The Four Horsemen of the Apocalypse eBook

This eBook from the Gutenberg Project consists of approximately 509 pages of information about The Four Horsemen of the Apocalypse.

The Four Horsemen of the Apocalypse eBook

This eBook from the Gutenberg Project consists of approximately 509 pages of information about The Four Horsemen of the Apocalypse.

He had inserted notices in the papers, making the studio in the rue de la Pompe the recruiting office.  In ten days, two volunteers had presented themselves; a clerk, shivering in midsummer, who stipulated that he should be an officer because he was wearing a suitable jacket, and a Spanish tavern-keeper who at the very outset had wished to rob Argensola of his command on the futile pretext that he was a soldier in his youth while the Bohemian was only an artist.  Twenty Spanish battalions were attempted with the same result in different parts of Paris.  Each enthusiast wished to be commander of the others, with the individual haughtiness and aversion to discipline so characteristic of the race.  Finally the future generalissimos, decided to enlist as simple volunteers . . . but in a French regiment.

“I am waiting to see what the Garibaldis do,” said Argensola modestly.  “Perhaps I may go with them.”

This glorious name made military service conceivable to him.  But then he vacillated; he would certainly have to obey somebody in this body of volunteers, and he did not believe in an obedience that was not preceded by long discussions. . . .  What next!

“Life has changed in a fortnight,” he continued.  “It seems as if we were living in another planet; our former achievements are not appreciated.  Others, most obscure and poor, those who formerly had the least consideration, are now promoted to the first ranks.  The refined man of complex spirituality has disappeared for who knows how many years! . . .  Now the simple-minded man climbs triumphantly to the top, because, though his ideas are limited, they are sure and he knows how to obey.  We are no longer the style.”
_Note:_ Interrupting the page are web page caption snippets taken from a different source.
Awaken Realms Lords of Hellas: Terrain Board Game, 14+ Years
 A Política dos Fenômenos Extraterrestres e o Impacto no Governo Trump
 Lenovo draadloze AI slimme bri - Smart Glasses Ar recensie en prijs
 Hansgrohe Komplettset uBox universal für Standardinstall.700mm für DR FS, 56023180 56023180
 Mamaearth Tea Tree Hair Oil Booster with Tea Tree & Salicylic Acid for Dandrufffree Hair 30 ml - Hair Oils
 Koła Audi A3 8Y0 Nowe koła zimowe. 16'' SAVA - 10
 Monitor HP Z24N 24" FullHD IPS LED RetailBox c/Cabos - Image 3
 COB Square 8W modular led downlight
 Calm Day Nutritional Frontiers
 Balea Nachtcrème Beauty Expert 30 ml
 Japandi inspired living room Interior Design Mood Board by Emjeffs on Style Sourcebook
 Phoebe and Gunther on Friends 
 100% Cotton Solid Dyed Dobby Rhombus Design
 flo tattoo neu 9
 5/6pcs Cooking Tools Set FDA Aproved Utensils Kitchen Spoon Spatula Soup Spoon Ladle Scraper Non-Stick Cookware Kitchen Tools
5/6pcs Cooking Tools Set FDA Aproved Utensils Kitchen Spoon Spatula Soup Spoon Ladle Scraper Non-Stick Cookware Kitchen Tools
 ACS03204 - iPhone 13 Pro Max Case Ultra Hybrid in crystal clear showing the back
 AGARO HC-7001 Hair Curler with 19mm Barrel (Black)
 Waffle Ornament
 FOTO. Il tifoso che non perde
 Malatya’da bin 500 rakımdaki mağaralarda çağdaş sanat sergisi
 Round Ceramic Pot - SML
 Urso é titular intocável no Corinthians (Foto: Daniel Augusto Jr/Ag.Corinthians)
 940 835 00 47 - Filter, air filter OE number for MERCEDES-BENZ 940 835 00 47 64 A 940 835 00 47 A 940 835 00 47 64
Desnoyers assented.  It was so; they were no longer fashionable.  None knew that better than he, for he who was once the sensation of the day, was now passing as a stranger among the very people who a few months before had raved over him.

“Your reign is over,” laughed Argensola.  “The fact that you are a handsome fellow doesn’t help you one bit nowadays.  In a uniform and with a cross on my breast, I could soon get the best of you in a rival love affair.  In times of peace, the officers only set the girls of the provinces to dreaming; but now that we are at war, there has awakened in every woman the ancestral enthusiasm that her remote grandmothers used to feel for the strong and aggressive beast. . . .  The high-born dames who a few months ago were complicating their desires with psychological subtleties, are now admiring the military man with the same simplicity that the maid has for the common soldier.  Before a uniform, they feel the humble and servile enthusiasm of the female of the lower animals before the crests, foretops and gay plumes of the fighting males.  Look out, master! . . .  We shall have to follow the new course of events or resign ourselves to everlasting obscurity.  The tango is dead.”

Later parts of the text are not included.